The Twitpocalypse and Unit Testing

June 13th, 2009

If ever there was a clear example of the need for unit testing during builds, it’s the integer overflow problem on Twitter – aka, the Twitpocalypse.

For those not in the know, Twitter uses an incrementing integer as an identifier for each message on the site. On June 12, 2009, a message crossed the maximum integer value that could be stored in a 32-bit signed integer (2,147,483,647).

All messages created after that moment had integer values that would overflow the space allocated to the id.

This wasn’t a problem on Twitter.com. They’re surely on some rockin’ 64-bit systems and are continuing along as always.

The problem is with third-party applications using their API. When an application requests a list of status messages from Twitter, it receives the data in a format like XML or JSON. All values are stored as strings in those formats.

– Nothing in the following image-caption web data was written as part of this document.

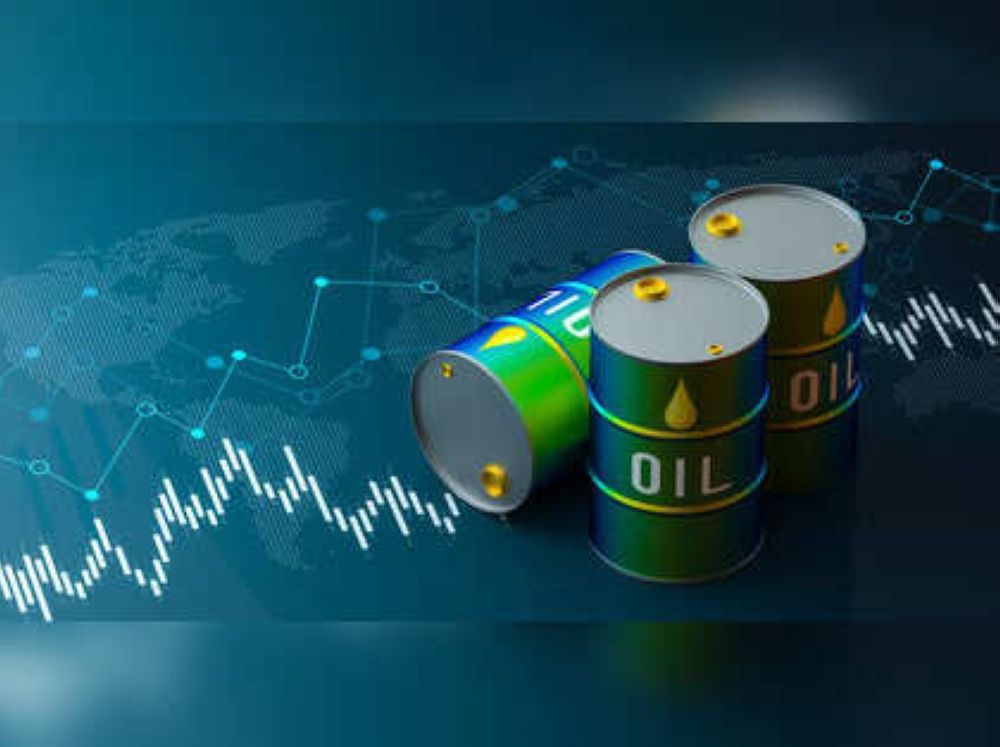 أكبر زيادة شهرية منذ مارس.. ارتفاع أسعار النفط بأكثر من 1%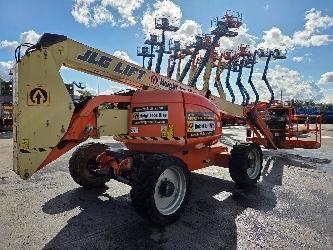 JLG 600 AJ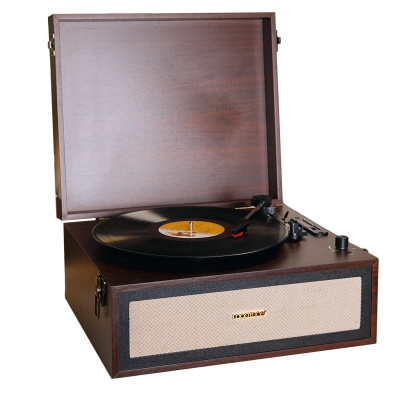 Виниловый проигрыватель, Stand Player-4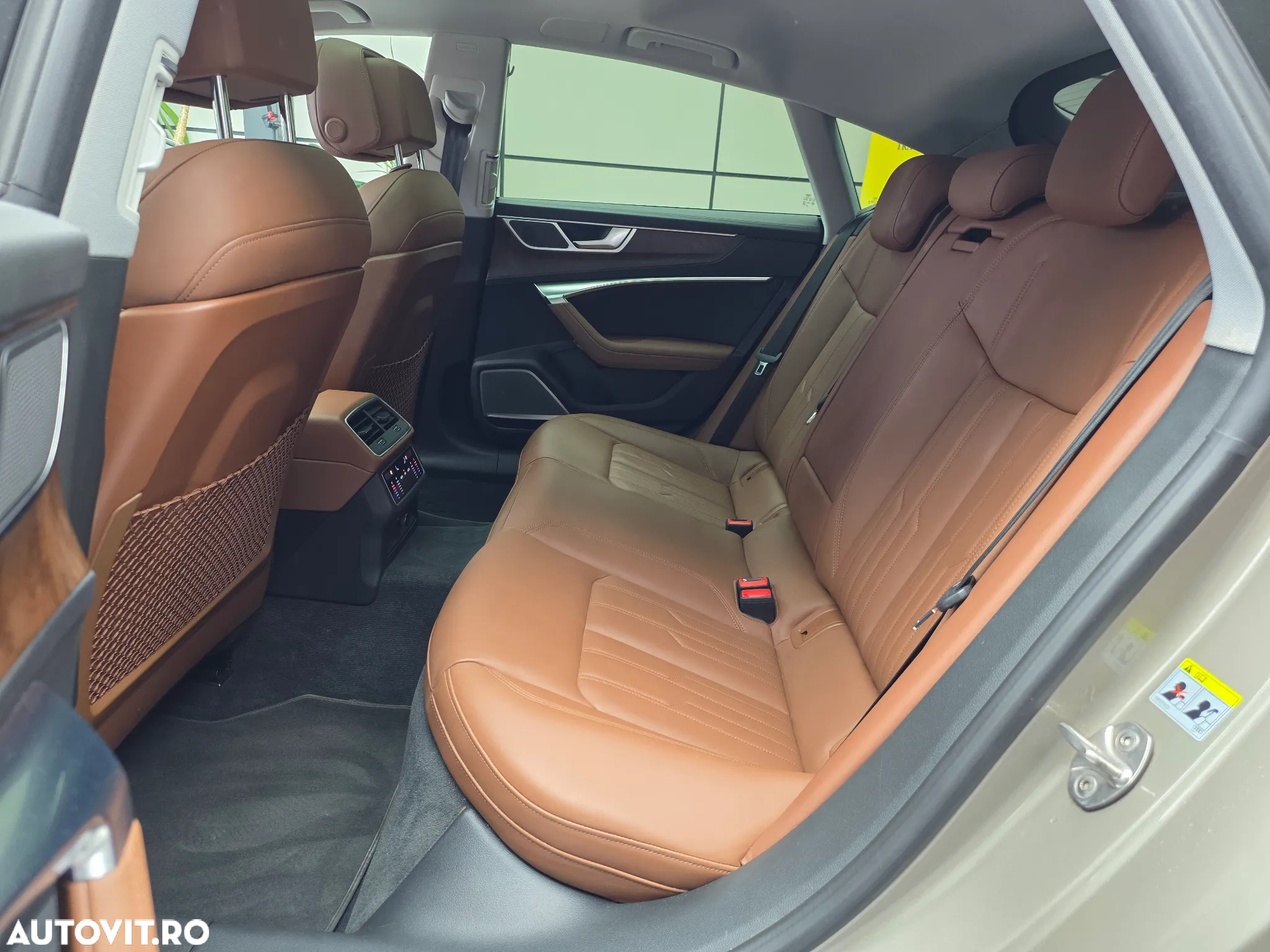 Audi A7 50 TFSIe quattro S tronic - 16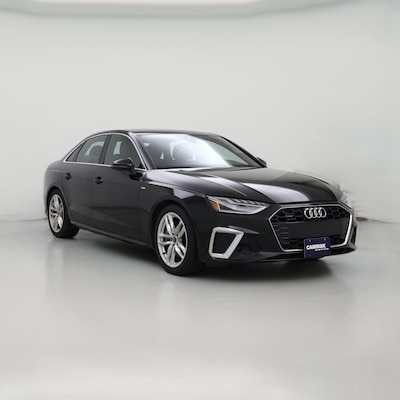 2023 Audi A4 S-Line Premium Plus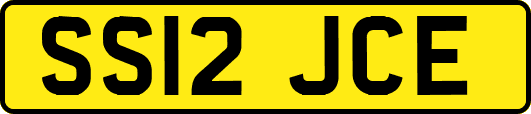 SS12JCE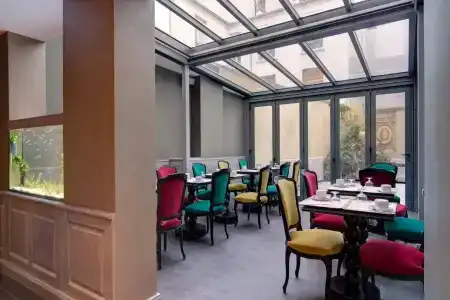 Hôtel Muguet - 18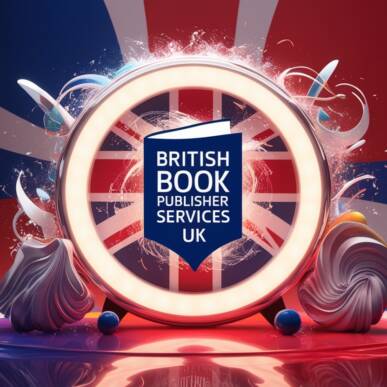 Poetry Publishing Agency in UK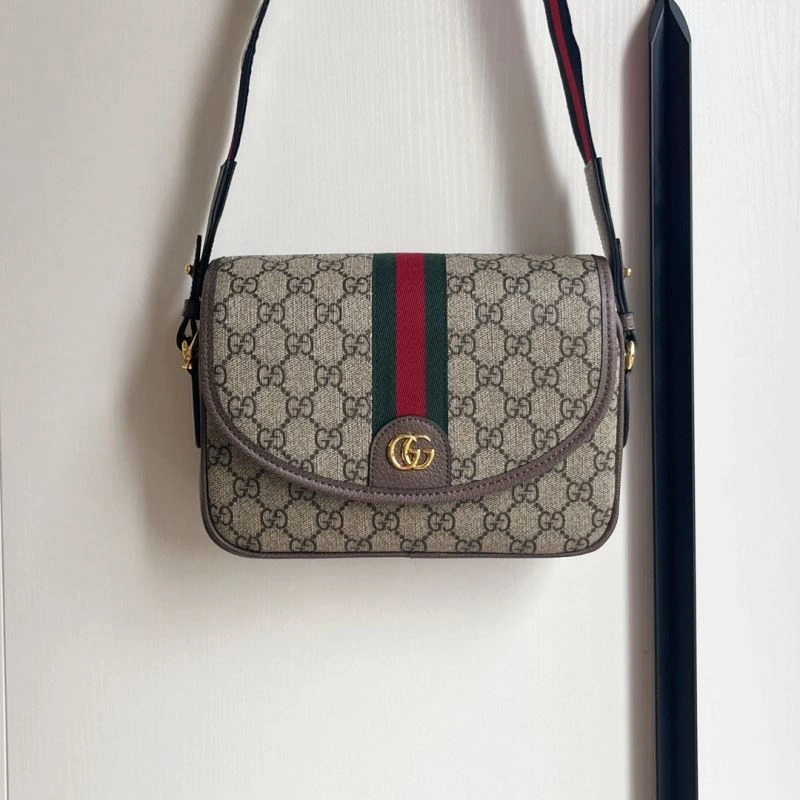 Gucci Satchel Bags Upgraded 81106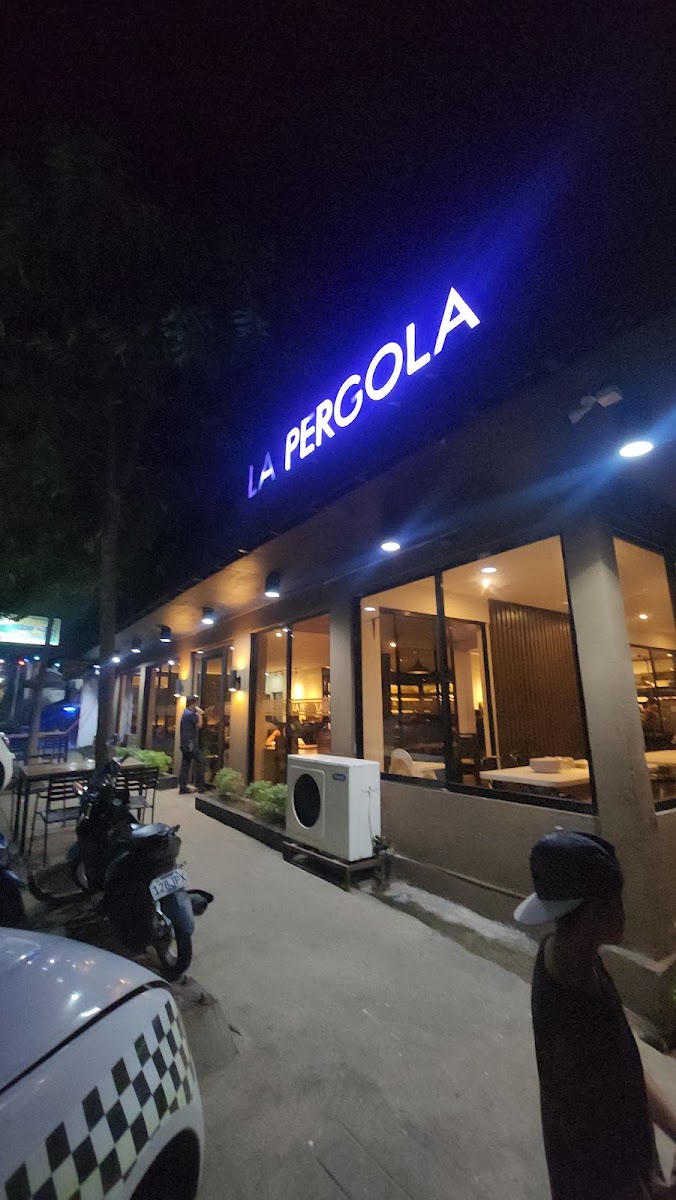 La Pergola Cafe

When the response is parsed, the string representing the status message id will be converted to a number. Applications that still use signed 32-bit integers will not be able to properly convert the string to an integer and will probably crash.

This problem is hitting a few Cocoa Touch applications. Tweetie seems immune, but the current release of Twitterrific and the in-beta Birdfeed both suffer. This is through no fault of either Craig Hockenberry or Buzz Andersen, though.

Buzz’s app, Birdfeed, is still in beta. Those of us testing it understand that beta means beta. He’s cracking on a fix now.

Craig preemptively fixed his issue well in advance, but – as I understand it – Apple is sitting on it instead of pushing it into the App Store.

This is just one of many ways Apple continues to please developers endlessly with their transparent, fair, open distribution channel.

Lots of folks want to blame Twitter, or shift some of the blame to them.

This is not a Twitter problem. They adapted their system and encouraged developers who use the Twitter API to remain in parity.

It’s probably true that Twitter could have made a bigger deal of the issue, but I think they did a solid job of keeping people informed.

Most people had ample time to update their code, and many of them did.

Daniel Jalkut suggested that Twitter might have provided an endpoint for the API that simulated large integer values, so application developers could test against the newer ids. I heard similar statements by folks attending WWDC.

I think this exposes a slightly dirty secret in the Cocoa world: most Cocoa and Cocoa Touch devs avoid automated testing. Unit tests are few and far between. From what I hear, Apple doesn’t even enforce units.

When you see regression bugs in Cocoa apps, you can assume the issue is in a lacking test suite.

The Cocoa community should learn two things from the Twitocalypse:

1. Write your units.
2. Submit to the App Store at least time * infinity in advance.

I’m about 50% on having test suites in my (admittedly, unreleased) iPhone apps. The half that have tests have strong coverage, though. Those that don’t are from the early SDK days, when the only way to test was with the Google Toolkit.